G = nx.Graph() #グラフの作成
G.add_nodes_from(node_list) #ノードの作成

# エッジの追加
for i in range(len(df_ja)):
    row_data = df_ja.iloc[i]
    G.add_edge(row_data['n1'], row_data['n2'], weight=row_data['jaccard_value'])

#グラフの表示
plt.figure(figsize=fig_size) 

#ネットワーク図の表示設定。circular_layoutを使用
pos = nx.circular_layout(G) 

networkxに他にどのようなレイアウトがあるかは
NetworkX本家のチュートリアルを参照
https://networkx.github.io/documentation/stable/reference/drawing.html

グラフの見栄えをマシにする

各作品を遊んだユーザー数は、差はあれど、一番大きい値と小さい値でせいぜい2倍ちょっと。

これではグラフネットワークを作成しても、人数の差が実感しにくくなってしまう。
image.png

そのため、各タイトルごとのプレイ人数差を、最大数によって正規化し、さらにべき乗することで、 差を極端に開かせる処理を行った

  • 処理前
    image.png

  • 処理後:各タイトルごとの相対的な差が広まっている
    image.png

エッジの太さについても同様の処理を行う

player_dict={} # 各タイトルのプレイヤー数を収納
for gen in node_list:
    player_dict[gen] = df[gen].sum()

# ノードの描画上の大きさの設定。数が多いと比較が難しくなるので、差を強調
#また、
node_size=[(v-4000)**2*10000/(max(player_dict.values())**2) for v in player_dict.values()]

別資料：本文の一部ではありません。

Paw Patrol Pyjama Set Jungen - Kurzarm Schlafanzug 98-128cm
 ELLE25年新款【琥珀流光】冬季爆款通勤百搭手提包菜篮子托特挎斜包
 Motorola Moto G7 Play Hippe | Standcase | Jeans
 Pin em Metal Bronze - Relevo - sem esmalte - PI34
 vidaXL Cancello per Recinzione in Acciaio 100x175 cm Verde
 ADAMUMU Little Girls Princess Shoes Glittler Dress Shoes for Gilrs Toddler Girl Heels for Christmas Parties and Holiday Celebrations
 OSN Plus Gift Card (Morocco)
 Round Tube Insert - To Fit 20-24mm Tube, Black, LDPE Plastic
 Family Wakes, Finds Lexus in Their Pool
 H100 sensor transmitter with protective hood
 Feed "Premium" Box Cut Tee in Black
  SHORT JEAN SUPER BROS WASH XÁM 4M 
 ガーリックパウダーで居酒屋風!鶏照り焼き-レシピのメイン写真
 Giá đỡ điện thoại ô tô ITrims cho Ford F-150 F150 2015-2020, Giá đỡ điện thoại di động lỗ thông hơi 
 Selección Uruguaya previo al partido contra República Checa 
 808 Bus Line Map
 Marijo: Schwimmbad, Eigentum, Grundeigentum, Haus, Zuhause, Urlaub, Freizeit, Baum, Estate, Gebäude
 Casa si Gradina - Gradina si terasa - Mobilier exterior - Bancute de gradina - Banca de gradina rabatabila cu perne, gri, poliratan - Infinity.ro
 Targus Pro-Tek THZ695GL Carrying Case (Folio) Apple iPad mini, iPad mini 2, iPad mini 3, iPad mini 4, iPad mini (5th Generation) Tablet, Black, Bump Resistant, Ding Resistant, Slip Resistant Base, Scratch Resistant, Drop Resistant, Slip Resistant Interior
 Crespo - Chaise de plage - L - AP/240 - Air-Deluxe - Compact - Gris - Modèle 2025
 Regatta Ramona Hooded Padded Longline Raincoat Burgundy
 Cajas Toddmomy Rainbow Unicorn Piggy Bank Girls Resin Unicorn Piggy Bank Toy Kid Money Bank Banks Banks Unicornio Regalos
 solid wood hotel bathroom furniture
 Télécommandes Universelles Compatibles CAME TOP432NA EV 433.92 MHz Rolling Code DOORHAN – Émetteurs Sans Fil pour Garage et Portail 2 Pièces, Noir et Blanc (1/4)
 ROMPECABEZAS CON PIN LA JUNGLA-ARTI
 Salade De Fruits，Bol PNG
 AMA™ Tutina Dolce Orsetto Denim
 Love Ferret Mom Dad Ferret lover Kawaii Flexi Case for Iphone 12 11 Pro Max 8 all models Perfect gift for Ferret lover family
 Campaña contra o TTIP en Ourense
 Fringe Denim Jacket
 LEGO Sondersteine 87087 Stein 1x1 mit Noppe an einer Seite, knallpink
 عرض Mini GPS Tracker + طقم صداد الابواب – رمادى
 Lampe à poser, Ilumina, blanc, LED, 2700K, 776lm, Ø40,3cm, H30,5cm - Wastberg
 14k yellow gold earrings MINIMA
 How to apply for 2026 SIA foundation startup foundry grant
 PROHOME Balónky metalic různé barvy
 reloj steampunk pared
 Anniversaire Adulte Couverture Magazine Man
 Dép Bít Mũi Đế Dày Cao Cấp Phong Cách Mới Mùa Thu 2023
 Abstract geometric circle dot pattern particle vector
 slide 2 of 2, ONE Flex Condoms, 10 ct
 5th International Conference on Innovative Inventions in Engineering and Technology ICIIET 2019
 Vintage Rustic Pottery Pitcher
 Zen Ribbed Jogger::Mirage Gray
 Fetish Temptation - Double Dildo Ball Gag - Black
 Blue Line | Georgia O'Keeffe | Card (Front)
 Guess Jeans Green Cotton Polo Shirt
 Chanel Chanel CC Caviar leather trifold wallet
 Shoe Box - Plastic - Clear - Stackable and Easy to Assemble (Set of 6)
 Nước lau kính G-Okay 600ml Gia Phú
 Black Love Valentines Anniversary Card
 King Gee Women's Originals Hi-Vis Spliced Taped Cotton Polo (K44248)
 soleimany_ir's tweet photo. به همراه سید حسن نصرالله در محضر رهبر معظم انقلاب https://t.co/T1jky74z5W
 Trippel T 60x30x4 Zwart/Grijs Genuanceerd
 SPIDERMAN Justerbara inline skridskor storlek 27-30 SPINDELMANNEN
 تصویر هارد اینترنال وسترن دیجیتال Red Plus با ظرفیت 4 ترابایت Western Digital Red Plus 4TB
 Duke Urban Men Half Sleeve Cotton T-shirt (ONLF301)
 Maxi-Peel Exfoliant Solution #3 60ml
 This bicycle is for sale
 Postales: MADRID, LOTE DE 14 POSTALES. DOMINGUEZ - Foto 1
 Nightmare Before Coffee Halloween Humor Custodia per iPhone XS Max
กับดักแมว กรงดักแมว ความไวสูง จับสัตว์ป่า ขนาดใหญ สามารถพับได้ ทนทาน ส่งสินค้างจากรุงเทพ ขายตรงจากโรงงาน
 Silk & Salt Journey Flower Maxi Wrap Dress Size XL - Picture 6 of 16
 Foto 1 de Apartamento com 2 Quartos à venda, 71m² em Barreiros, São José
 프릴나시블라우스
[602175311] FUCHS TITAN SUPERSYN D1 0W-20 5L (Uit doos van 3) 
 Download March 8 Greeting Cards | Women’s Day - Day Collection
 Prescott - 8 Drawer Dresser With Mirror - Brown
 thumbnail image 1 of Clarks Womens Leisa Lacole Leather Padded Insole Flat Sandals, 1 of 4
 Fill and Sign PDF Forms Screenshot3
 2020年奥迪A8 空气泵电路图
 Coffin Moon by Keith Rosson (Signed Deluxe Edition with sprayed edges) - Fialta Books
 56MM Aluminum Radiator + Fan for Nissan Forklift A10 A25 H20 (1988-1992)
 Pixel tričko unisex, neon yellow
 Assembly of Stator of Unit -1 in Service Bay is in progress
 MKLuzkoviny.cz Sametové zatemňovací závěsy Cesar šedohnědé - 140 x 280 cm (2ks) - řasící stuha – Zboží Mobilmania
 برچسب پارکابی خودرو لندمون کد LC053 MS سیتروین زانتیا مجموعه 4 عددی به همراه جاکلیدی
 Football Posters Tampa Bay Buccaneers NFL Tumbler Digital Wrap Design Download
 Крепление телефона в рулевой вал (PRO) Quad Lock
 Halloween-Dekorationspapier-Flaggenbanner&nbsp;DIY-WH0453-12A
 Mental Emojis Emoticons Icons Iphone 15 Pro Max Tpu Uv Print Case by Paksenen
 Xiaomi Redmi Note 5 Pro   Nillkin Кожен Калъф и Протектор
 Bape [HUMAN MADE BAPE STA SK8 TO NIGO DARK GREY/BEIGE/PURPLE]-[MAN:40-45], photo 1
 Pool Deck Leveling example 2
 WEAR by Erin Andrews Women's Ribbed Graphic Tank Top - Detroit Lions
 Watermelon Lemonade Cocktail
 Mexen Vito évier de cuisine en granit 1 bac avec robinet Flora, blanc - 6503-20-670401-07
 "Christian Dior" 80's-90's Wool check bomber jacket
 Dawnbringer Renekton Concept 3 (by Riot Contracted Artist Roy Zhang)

def make_node_color(node_list):
    #マイナーチェンジ版。リメイク版に異なる色をつける処理
    minor_change=['02_ピ','04_ク','07_Em','09_Pt', '12_BW2','16_USUM']
    remake=['06_FRLG', '10_HGSS','14_ORAS', '17_ピカブイ']
    color_list=[]
    for node in node_list:
        if node in minor_change:
            color = 3000
        elif node in remake:
            color = 6000
        else:
            color = 10000
        color_list.append(color)
    return color_list

node_color = make_node_color(node_list)

# グラフにノードを描画。ノードの色・大きさはここで設定
nx.draw_networkx_nodes(G, pos, node_color=node_color,
                       cmap=plt.cm.Reds,
                       alpha=0.7,
                       node_size=node_size)

# 日本語ラベル
nx.draw_networkx_labels(G, pos, fontsize=20, font_family='IPAexGothic', font_weight="bold")

# エッジの太さ調節.こちらも差を強調する
edge_width = [np.exp(d["weight"]-0.3)**5 for (u, v, d) in G.edges(data=True)]

# エッジの描画
nx.draw_networkx_edges(G, pos, alpha=0.4, edge_color=edge_width, width=edge_width,edge_cmap=plt.cm.Blues)

plt.axis('off')

これで各タイトルの関係性がより強調され、見やすくなった。
image.png

最後に

networkxは、pandasライブラリなどに比べて使う人が少ないため、目的に合った記事が見つかりにくいかもしれない。が、matplotlibやseabornでは表せない表現も可能ではある。
ただし、分かりやすい可視化のためには試行錯誤が必要で、色や大きさを整理することは必要。
自分もまだまだnetworkxについては知らないことが多い。